◆ **Activity**
Using the material below, repeat exactly the lines from the one with "Lucky Brand Womens" through the one with "Blush Puff Sleeve", ends included, without any images.

◆ **The input**
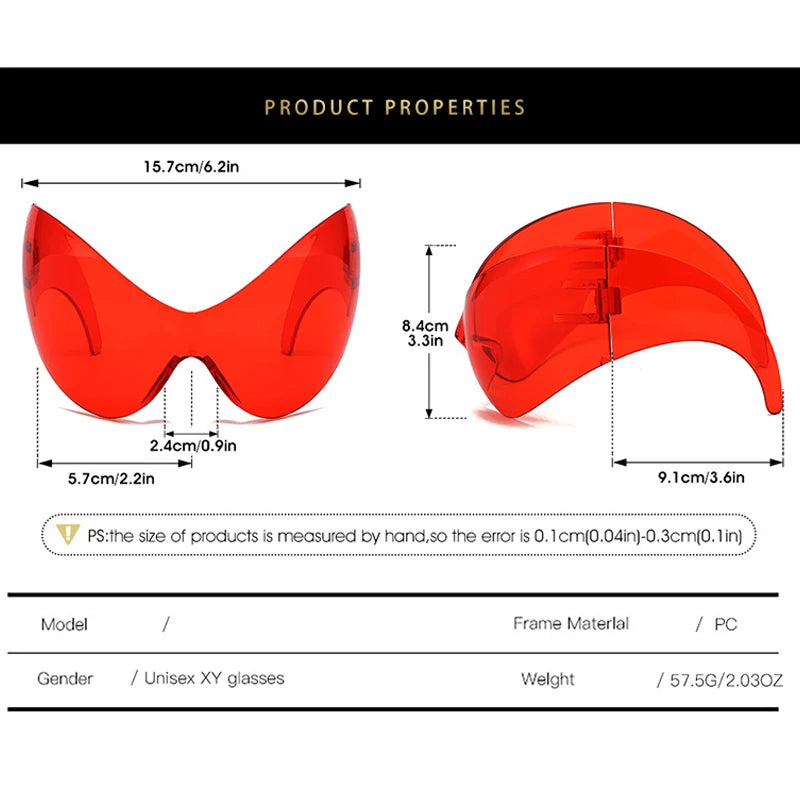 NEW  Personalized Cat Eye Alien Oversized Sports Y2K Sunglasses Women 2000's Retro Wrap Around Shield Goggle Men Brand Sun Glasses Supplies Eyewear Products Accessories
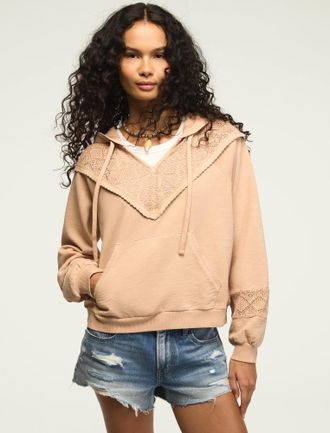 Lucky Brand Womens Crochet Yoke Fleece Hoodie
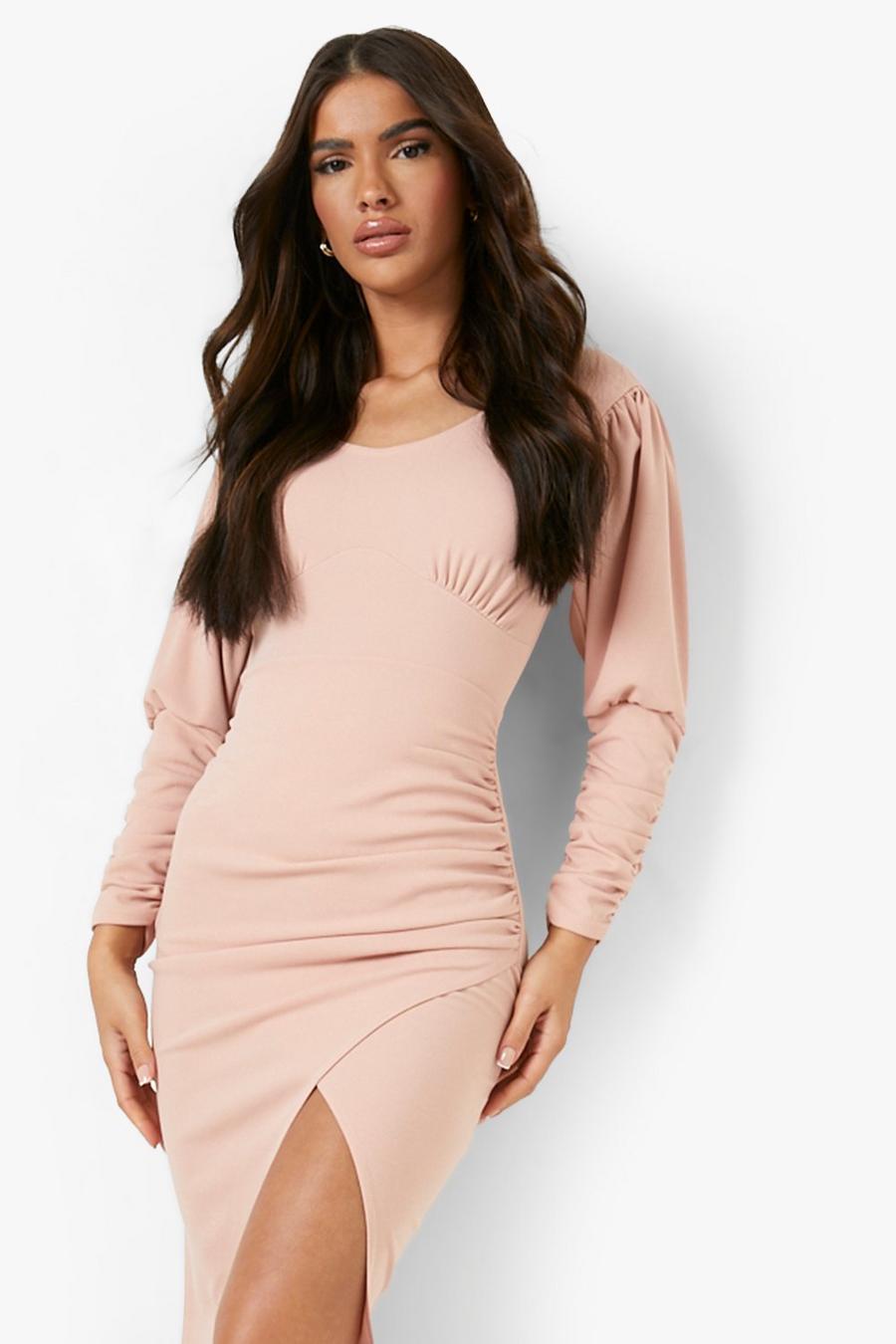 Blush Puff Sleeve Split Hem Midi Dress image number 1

--

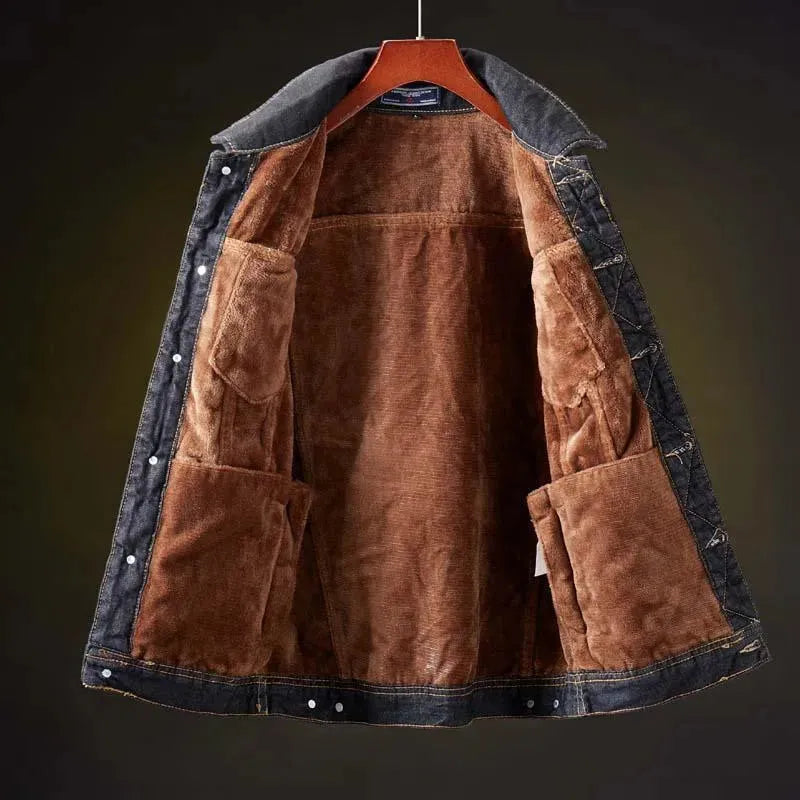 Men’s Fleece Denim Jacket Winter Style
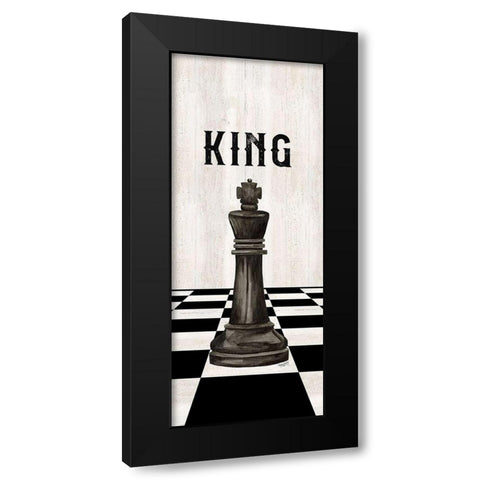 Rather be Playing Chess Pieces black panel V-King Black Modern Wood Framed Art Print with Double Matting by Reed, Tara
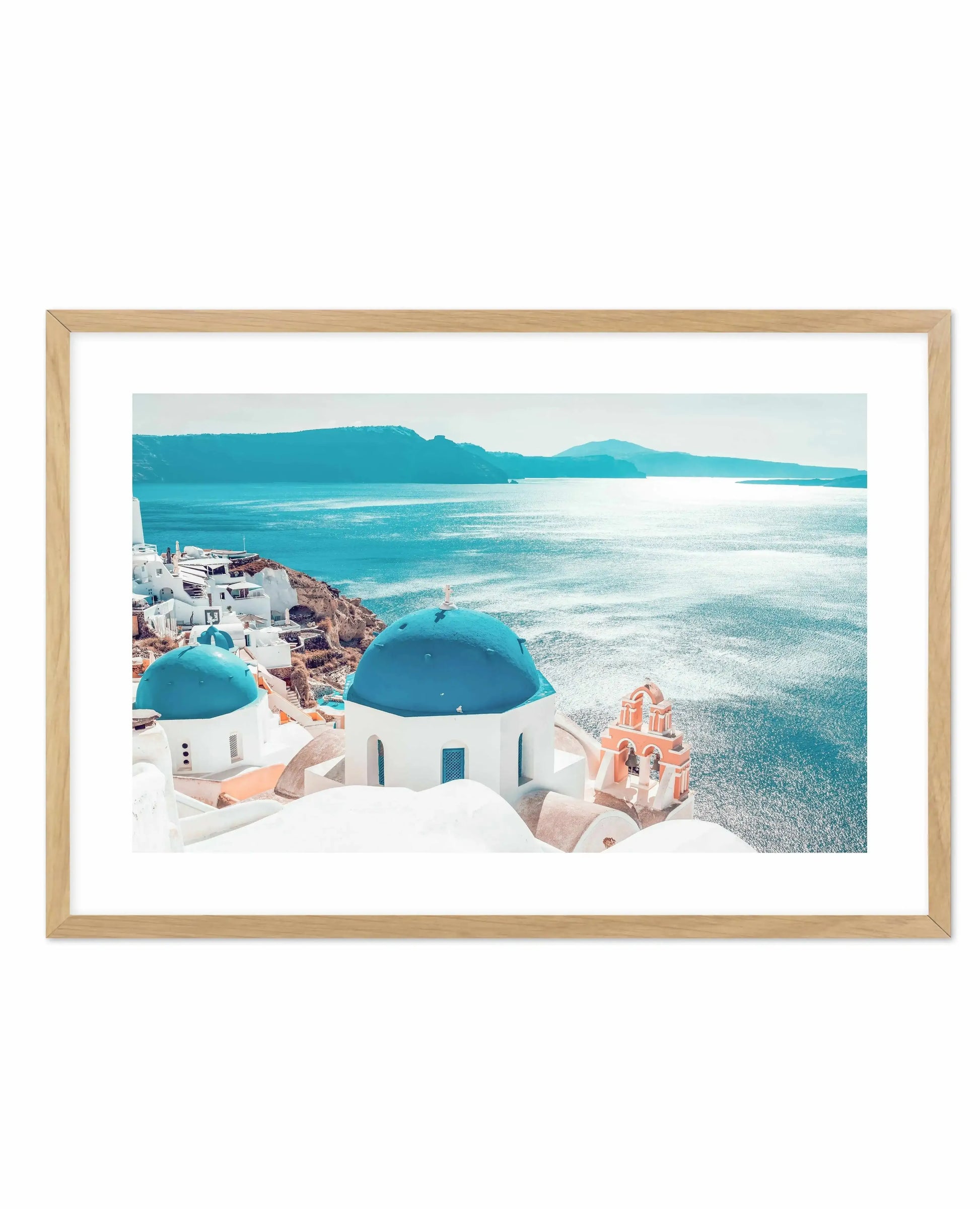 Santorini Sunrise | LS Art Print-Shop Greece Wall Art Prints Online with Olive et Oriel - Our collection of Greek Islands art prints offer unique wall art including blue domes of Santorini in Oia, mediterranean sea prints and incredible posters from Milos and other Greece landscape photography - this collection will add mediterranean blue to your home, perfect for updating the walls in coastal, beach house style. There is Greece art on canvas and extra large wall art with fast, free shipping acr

...

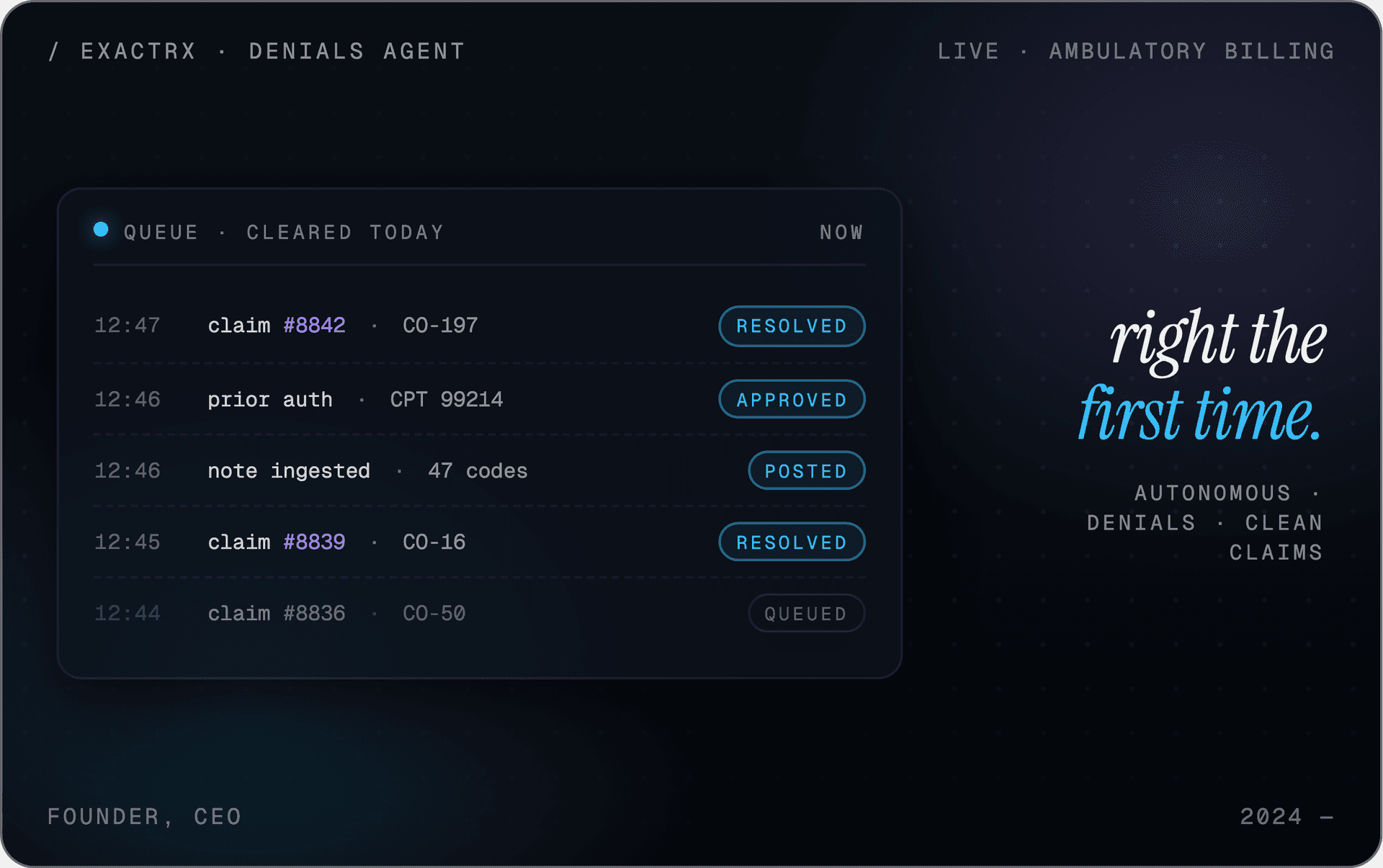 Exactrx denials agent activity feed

◆ **Response to the task**
 Lucky Brand Womens Crochet Yoke Fleece Hoodie
 Blush Puff Sleeve Split Hem Midi Dress image number 1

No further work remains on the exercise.